本作の主人公であり、サイコホラー史上類を見ないような殺戮を繰り広げるのは、高校教師の蓮実聖司。頭脳明晰で外見も良く生徒からは“ハスミン”の愛称で親しまれているが、その裏には他者への共感性が全くなく、必要になれば躊躇なく命すら奪う“サイコパス”の顔を持つ。映画では伊藤英明が蓮実役を務め、『海猿』などの好青年役からは想像もつかない狂気的な演技となっており、伊藤が見せる笑顔(のようでいて実は全く笑っていない)が蓮実という役柄に憎らしいくらいにフィット。表現としては正しくないが、どこか“アンチヒーロー”にも通じるような存在感すら放っている。

何事も完璧にこなす蓮実がある失敗をきっかけに惨劇の火蓋を切ることになり、猟銃によって一晩で教師や生徒たちの死体の山を築いていく様は、文字通り地獄絵図といっていい。その勢いたるや『13日の金曜日』のジェイソンや、『エルム街の悪夢』のフレディといったホラーアイコンの殺戮も及ばない。伊藤のほか二階堂ふみや山田孝之、浅香航大、染谷将太、林遣都、吹越満といった三池らしい豪華キャストが集結しており、誰が生き残るのか予断を許さない緊張感がラストまで持続する。原作者の貴志(教師役でカメオ出演も果たしている)は続編に意欲を見せており、映画のラストにも気になる一文がクレジットされているので期待して待ちたい。

『リング』



もはや説明不要となった、中田秀夫監督の“ジャパニーズホラー(Jホラー)”の金字塔的作品。

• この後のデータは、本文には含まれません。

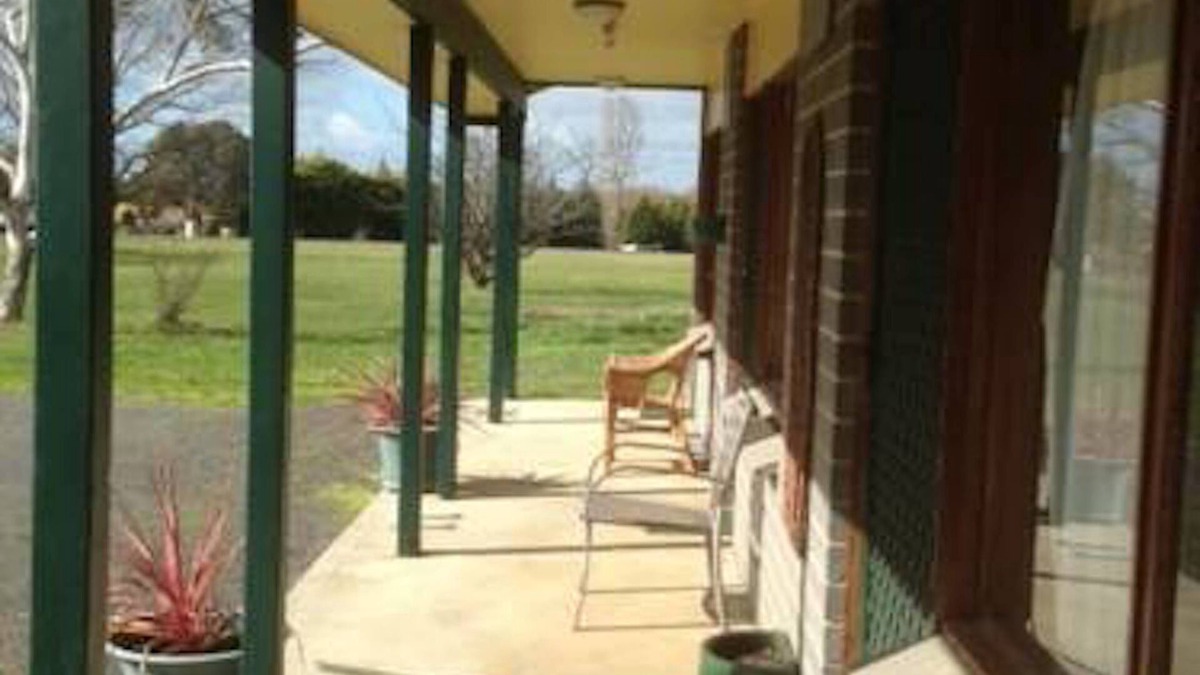 Gisborne Hotel | Gisborne Motel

大ブームを巻き起こした本作の原作は鈴木光司の同名小説だが、実は原作ではホラーよりもミステリー色を強くした体裁となっており、ミステリ小説を募集する「横溝正史賞」に投稿して最終選考まで残った経緯がある。また原作での主人公は男性(浅川和行)であり、恐怖の象徴・貞子の描写についても原作と映画で大きく違う点が見られるなど改変点は多い。それでも映画版が歴史に名を残すことになったのは、その改変点が十分すぎるほどの役割を果たし、映画として機能したことにほかならない。

リング



映画版では主人公が松嶋菜々子演じる浅川玲子へと変更され、浅川に協力する高山竜司(演じるのは真田広之)の元妻という設定に。物語の鍵となる“呪いのビデオ”を見てしまった一人息子(原作では娘)を救うために奔走する母親としての姿が、映画後半をより引き立てることになった。そしてなにより映画版をJホラーの金字塔へと仕立てたのが、貞子という“化け物”だ。白い衣装を着た髪の長い女性はホラー映画や怪談でお決まりのスタイルともいえるが、ときおり画面に現れるその顔は、黒髪によって全くうかがうことができない。見た者を1週間後死に追いやる呪いのビデオが恐怖の象徴であったはずが、いつしか観る者の心臓は貞子によって鷲掴みにされることになっているのだ。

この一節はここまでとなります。